Stored data —
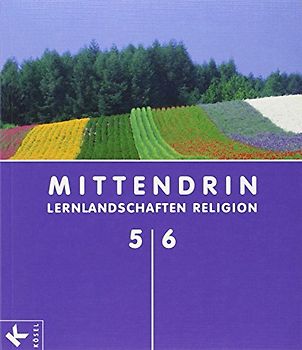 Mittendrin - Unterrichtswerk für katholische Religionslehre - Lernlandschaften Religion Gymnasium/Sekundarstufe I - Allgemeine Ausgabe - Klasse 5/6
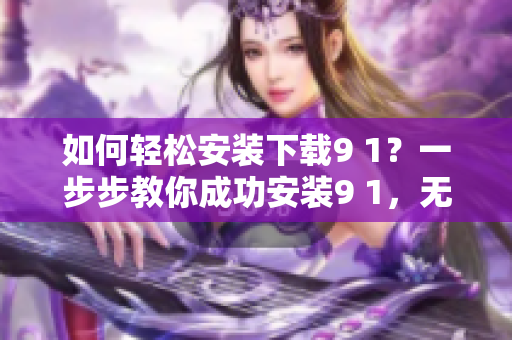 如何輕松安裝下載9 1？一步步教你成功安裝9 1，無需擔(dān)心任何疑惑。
---
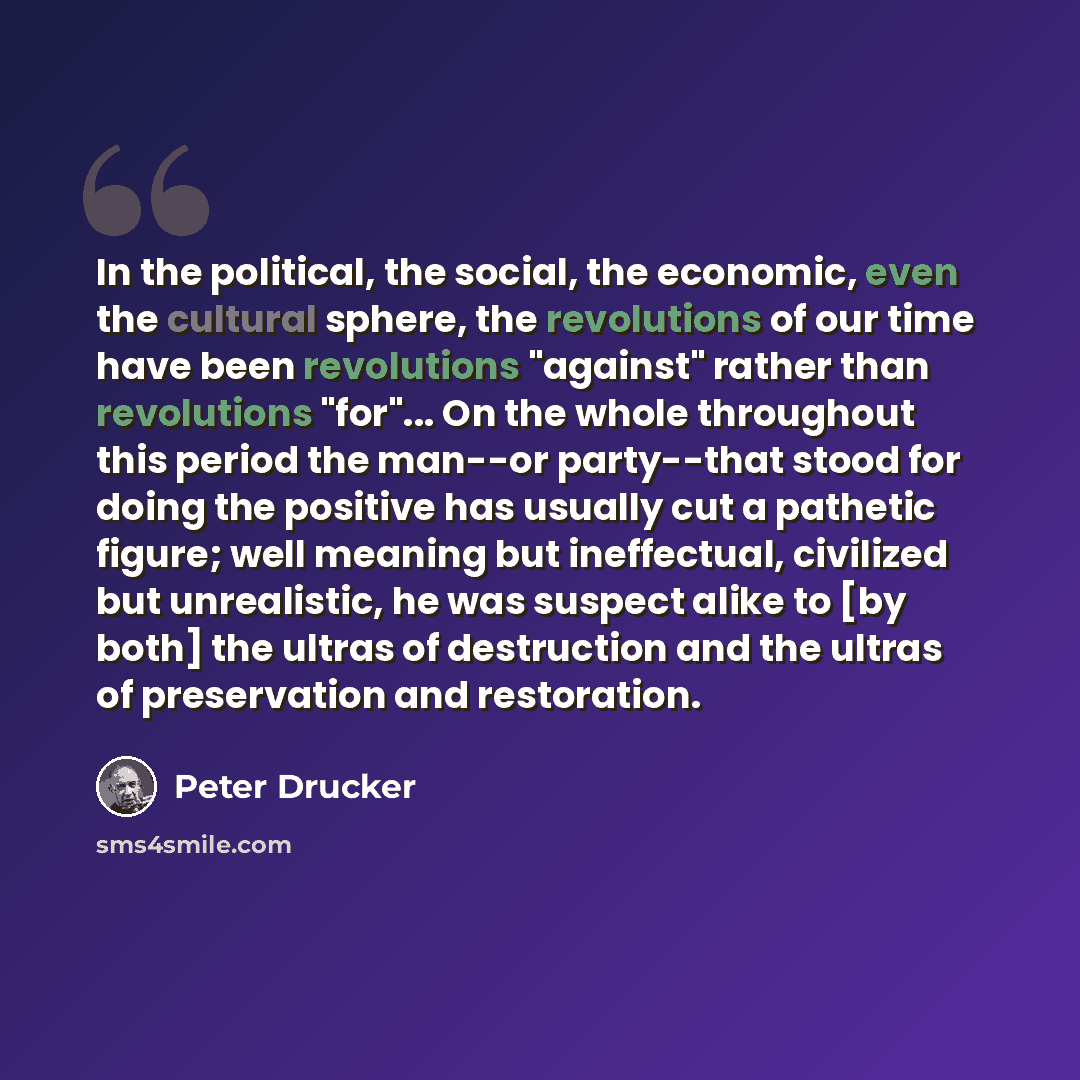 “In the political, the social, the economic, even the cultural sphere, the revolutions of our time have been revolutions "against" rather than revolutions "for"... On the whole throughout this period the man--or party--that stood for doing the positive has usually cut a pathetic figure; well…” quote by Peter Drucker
---
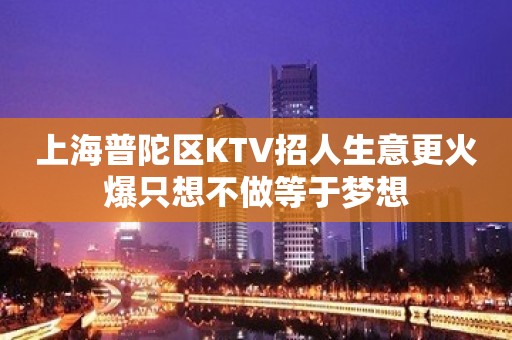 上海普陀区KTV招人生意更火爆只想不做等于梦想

Task directions —
Every line above in the stretch from the one with "Mittendrin - Unterrichtswerk" through the one with "如何輕松安裝下載9 1？一步步教你成功安裝9 1，無需擔(dān)心任何疑惑。" is to be transcribed exactly, ends included. No picture is copied.

Answer space —
 Mittendrin - Unterrichtswerk für katholische Religionslehre - Lernlandschaften Religion Gymnasium/Sekundarstufe I - Allgemeine Ausgabe - Klasse 5/6
 如何輕松安裝下載9 1？一步步教你成功安裝9 1，無需擔(dān)心任何疑惑。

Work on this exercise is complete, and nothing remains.